The "Delinquents" episode aired in January 1959, and Lowell started the Lowel-Light company later that year. Lowel-Light manufactured and sold the compact lighting solutions he had developed. The company was based out of his Stamford, Connecticut, home in the early days. The first products used high-intensity light bulbs which did not last very long, and there were few accessories. Over time, Lowel-Light introduced more accessories to create a portable lighting system for location photography. A 1983 issue of the magazine Industrial Photography declared, "When Ross Lowell invented the original Lowel-light, he probably didn't have any idea that his small light would have such a big influence on the working habits of both still and film workers."

==Lighting book==
In 1992, Lowell produced the instructional book Matters of Light and Depth: Creating Memorable Images for Video, Film and Stills Through Lighting, published by Broad Street Books of Philadelphia. The book, composed of topical essays organized into eight chapters, was recommended by photography lighting expert Jon Falk before it came out. John Jackman, in his 2004 lighting book Lighting for Digital Video and Television, cites Lowell's book as a "classic" of the trade, and quotes Lowell: "It is all too easy to confuse effects with effective lighting, startling images with unforgettable ones, quantity of foot-candles with quality of light."

==Still photography==
Lowell's still photography work was exhibited twice in 2010. In May, his series titled "Time Trails" was shown at Pound Ridge Library. Five months later, a series of his works was shown outdoors at Ward Pound Ridge Reservation in New York, the exhibit titled "Forest of Possibilities". The 24 images, each enlarged to about 30 sqft and printed by National Geographic Imaging, were hung from trees in the forest of the nature preserve.

==Personal life==
Lowell was married four times. His first wife was the former Anita Kregal; they were married for ten years and had a daughter, Lisa. Lowell's third wife, Carol, bore him three sons: Josh (b. 1972), Evan (b. 1976), and Brett (b. 1980). Ross and Carol Lowell produced the 1979 short film Oh Brother, My Brother depicting Josh and Evan.

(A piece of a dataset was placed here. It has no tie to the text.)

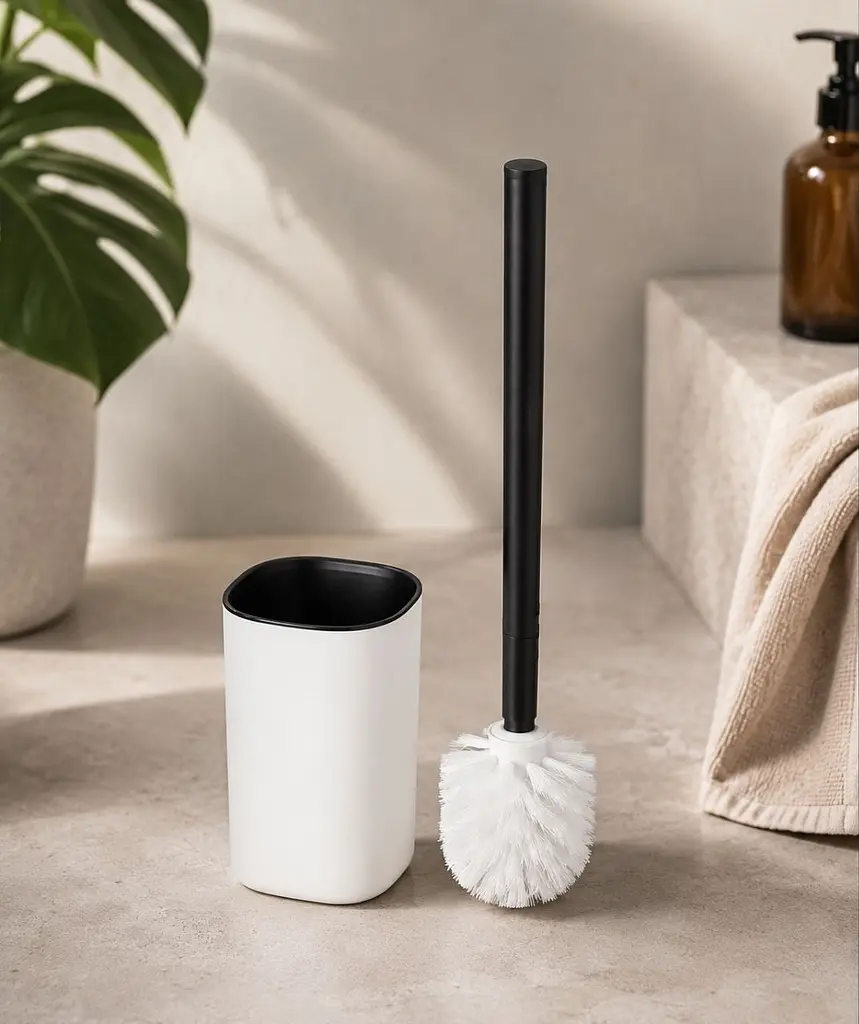 Йоржик для унітаза IKEA, зі змінною щіткою, пластиковий, 37×10 см, білий / чорний - фото 3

On the "Acknowledgements & Dedications" page of his 1992 book, Lowell thanked New York flash photography author Jon Falk for introducing him to "publishers Ed Moran and Marilyn Shapiro of Broad Street Books." Lowell would later marry Marilyn.

In 2007 through their film company Big UP Productions, Josh and Brett produced a film about rock climbing titled King Lines, which won an Emmy for best sports documentary.

In 2019, Lowell's fourth wife Marilyn Shapiro-Lowell reported that he had died in Pound Ridge, New York, at the age of 92. He was survived by his four children, ten grandchildren, a sister and two nieces.